- [What you will do]: Here is the task for the records below: repeat exactly the lines from the one with "寻一方安隅阿苑褚含温小说" to the one with "Soporte Condensador Araña", both included, and nothing else.

(Input for this task begins)

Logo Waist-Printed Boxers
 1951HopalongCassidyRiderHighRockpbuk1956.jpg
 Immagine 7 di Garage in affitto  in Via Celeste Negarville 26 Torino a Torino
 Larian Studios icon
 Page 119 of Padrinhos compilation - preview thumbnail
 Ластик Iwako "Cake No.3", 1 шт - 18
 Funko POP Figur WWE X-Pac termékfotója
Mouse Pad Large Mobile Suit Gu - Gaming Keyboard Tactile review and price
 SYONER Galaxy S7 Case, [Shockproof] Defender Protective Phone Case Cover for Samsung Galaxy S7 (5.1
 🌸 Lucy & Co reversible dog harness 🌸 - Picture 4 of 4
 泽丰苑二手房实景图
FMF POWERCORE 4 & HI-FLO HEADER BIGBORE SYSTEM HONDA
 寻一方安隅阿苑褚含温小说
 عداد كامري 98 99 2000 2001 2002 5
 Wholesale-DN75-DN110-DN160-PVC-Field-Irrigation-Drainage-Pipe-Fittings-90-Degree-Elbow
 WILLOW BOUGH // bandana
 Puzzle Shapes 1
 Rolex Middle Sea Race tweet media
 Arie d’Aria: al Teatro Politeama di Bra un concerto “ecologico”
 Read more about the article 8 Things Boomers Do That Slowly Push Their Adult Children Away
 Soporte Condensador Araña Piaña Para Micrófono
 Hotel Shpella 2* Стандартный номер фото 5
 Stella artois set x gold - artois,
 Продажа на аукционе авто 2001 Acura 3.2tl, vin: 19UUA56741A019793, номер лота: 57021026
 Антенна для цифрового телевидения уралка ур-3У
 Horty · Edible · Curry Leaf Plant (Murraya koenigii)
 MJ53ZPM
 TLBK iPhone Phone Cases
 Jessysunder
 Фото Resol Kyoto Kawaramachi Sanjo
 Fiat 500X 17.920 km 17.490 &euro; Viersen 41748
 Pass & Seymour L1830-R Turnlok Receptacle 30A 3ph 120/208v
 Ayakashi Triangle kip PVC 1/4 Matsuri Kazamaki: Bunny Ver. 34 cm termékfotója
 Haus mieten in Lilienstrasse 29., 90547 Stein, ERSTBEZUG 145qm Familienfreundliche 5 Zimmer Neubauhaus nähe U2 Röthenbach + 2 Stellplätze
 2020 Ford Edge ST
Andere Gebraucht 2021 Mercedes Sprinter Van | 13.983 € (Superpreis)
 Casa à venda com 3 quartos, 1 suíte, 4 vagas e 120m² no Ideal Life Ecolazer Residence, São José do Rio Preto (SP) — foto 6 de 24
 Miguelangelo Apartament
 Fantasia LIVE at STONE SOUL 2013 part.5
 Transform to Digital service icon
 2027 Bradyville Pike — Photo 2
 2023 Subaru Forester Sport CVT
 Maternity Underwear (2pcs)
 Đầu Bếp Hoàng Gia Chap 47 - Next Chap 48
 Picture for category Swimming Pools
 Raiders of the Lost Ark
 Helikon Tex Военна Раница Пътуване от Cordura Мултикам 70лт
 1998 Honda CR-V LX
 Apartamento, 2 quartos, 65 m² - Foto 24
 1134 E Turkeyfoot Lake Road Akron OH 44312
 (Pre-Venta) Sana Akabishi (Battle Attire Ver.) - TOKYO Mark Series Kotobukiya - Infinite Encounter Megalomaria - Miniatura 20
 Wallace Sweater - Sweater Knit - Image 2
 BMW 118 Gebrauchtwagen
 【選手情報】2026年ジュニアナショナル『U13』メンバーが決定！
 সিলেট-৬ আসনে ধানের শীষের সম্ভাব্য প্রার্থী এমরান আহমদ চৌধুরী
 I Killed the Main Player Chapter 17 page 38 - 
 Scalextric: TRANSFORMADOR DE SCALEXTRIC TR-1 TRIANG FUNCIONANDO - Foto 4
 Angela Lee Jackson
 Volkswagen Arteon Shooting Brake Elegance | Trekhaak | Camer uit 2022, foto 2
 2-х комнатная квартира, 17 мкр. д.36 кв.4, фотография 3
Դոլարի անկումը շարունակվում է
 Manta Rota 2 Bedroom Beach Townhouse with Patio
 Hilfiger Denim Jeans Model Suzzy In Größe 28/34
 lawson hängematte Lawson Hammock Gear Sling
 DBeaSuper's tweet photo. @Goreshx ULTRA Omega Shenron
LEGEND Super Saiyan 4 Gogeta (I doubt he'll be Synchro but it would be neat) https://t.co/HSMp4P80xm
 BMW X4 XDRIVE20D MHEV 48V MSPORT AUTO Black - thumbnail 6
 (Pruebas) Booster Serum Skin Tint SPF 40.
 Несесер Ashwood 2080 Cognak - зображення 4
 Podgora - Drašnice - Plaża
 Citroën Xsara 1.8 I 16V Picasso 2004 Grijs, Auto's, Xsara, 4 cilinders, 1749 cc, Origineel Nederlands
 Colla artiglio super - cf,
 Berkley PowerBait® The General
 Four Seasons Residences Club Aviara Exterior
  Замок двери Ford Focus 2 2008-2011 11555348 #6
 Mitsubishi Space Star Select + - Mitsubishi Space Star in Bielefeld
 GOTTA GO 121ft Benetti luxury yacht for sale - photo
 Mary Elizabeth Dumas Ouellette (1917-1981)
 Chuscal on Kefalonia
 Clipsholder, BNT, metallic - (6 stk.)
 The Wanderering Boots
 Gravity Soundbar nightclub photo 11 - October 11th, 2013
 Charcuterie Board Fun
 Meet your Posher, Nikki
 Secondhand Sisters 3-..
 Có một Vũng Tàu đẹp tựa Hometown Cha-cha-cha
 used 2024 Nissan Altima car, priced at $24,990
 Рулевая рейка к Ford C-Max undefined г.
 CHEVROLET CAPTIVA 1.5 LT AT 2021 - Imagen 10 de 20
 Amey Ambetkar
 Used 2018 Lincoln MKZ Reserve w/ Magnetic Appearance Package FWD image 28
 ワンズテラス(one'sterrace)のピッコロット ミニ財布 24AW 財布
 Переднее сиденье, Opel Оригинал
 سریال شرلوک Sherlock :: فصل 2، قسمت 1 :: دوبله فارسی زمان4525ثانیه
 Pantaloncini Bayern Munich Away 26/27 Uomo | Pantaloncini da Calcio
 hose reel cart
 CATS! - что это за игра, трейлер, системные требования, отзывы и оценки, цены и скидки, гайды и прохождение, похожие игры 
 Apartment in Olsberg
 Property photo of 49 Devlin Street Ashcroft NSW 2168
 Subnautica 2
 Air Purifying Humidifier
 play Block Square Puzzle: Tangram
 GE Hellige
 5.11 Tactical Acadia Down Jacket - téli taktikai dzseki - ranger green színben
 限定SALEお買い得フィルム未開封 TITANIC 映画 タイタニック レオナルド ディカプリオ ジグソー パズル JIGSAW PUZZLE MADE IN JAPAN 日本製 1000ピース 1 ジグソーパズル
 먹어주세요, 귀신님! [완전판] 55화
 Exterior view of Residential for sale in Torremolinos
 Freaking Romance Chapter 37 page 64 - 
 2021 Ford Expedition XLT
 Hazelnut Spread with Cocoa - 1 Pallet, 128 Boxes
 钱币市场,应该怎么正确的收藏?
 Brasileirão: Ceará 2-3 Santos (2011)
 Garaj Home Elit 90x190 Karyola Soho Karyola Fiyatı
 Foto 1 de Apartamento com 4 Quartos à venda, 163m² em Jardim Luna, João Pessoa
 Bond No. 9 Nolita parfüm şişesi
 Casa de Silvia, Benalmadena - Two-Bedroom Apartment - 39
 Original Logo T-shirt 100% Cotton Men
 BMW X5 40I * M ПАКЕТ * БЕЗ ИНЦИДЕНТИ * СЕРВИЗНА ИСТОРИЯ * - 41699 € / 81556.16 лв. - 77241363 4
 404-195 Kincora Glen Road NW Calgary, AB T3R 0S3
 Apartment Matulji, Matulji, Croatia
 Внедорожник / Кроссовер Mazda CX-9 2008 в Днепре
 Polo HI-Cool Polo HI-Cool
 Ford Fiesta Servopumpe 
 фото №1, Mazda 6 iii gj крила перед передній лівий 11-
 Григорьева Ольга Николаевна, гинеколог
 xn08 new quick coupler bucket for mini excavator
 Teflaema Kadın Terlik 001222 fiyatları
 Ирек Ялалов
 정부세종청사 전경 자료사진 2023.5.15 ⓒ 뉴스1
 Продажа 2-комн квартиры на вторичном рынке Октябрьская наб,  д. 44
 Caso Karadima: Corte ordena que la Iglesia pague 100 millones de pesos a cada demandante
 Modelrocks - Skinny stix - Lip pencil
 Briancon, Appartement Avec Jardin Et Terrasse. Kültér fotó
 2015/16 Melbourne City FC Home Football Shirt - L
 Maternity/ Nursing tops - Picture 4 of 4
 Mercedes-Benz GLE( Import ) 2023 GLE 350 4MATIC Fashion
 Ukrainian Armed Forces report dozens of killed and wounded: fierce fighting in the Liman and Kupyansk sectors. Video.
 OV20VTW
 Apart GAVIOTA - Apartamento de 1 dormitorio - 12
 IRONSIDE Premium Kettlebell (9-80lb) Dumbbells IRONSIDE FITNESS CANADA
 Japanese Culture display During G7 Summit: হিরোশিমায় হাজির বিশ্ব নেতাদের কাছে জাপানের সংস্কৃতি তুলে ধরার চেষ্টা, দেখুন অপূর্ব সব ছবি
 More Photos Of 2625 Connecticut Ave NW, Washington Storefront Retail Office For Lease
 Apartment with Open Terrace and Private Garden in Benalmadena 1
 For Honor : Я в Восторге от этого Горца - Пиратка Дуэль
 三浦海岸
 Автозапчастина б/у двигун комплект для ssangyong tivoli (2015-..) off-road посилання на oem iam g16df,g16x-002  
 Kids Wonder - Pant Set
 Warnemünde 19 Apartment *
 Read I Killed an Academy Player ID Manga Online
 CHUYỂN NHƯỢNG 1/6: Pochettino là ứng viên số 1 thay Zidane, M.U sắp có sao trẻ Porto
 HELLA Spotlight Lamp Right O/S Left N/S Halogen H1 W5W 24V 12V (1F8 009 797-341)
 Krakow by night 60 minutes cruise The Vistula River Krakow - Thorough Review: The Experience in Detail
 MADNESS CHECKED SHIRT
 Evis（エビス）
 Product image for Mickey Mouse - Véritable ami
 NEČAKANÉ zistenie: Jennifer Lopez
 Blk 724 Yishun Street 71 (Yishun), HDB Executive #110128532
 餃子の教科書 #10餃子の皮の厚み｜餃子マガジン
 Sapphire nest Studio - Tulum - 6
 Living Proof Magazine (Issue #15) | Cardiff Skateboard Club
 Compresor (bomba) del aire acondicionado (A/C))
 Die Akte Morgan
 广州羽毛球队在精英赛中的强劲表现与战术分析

(Input for this task ends)

- [Response]:
 寻一方安隅阿苑褚含温小说
 عداد كامري 98 99 2000 2001 2002 5
 Wholesale-DN75-DN110-DN160-PVC-Field-Irrigation-Drainage-Pipe-Fittings-90-Degree-Elbow
 WILLOW BOUGH // bandana
 Puzzle Shapes 1
 Rolex Middle Sea Race tweet media
 Arie d’Aria: al Teatro Politeama di Bra un concerto “ecologico”
 Read more about the article 8 Things Boomers Do That Slowly Push Their Adult Children Away
 Soporte Condensador Araña Piaña Para Micrófono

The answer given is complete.